Over the past six months, Arlo Technologies’s stock price fell to $12.68. Shareholders have lost 11.7% of their capital, which is disappointing considering the S&P 500 has climbed by 8%. This may have investors wondering how to approach the situation.
Given the weaker price action, is now a good time to buy ARLO? Find out in our full research report, it’s free.
Why Does Arlo Technologies Spark Debate?
Originally spun off from networking equipment maker Netgear in 2018, Arlo Technologies (NYSE: ARLO) provides cloud-based smart security devices and subscription services that help consumers and businesses monitor and protect their homes, properties, and loved ones.
Two Positive Attributes:
1. Long-Term Revenue Growth Shows Strong Momentum
A company’s long-term sales performance is one signal of its overall quality. Any business can experience short-term success, but top-performing ones enjoy sustained growth for years. Luckily, Arlo Technologies’s sales grew at a solid 8.4% compounded annual growth rate over the last five years. Its growth surpassed the average business services company and shows its offerings resonate with customers.

2. Increasing Free Cash Flow Margin Juices Financials
Free cash flow isn’t a prominently featured metric in company financials and earnings releases, but we think it’s telling because it accounts for all operating and capital expenses, making it tough to manipulate.
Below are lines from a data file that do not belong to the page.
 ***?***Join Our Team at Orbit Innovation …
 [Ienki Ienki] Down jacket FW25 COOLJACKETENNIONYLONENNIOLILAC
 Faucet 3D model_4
Cash is king.
As you can see below, Arlo Technologies’s margin expanded by 15.5 percentage points over the last five years. This is encouraging because it gives the company more optionality. Arlo Technologies’s free cash flow margin for the trailing 12 months was 11.5%.

One Reason to Be Careful:
Projected Revenue Growth Shows Limited Upside
Forecasted revenues by Wall Street analysts signal a company’s potential. Predictions may not always be accurate, but accelerating growth typically boosts valuation multiples and stock prices while slowing growth does the opposite.
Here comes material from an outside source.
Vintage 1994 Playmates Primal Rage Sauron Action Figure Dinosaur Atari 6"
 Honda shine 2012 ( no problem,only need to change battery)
Over the next 12 months, sell-side analysts expect Arlo Technologies’s revenue to stall, a deceleration versus its 8.4% annualized growth for the past five years. This projection is underwhelming and indicates its products and services will see some demand headwinds. At least the company is tracking well in other measures of financial health.
Final Judgment
Arlo Technologies’s merits more than compensate for its flaws. After the recent drawdown, the stock trades at 16.5× forward P/E (or $12.68 per share). Is now a good time to initiate a position? See for yourself in our comprehensive research report, it’s free.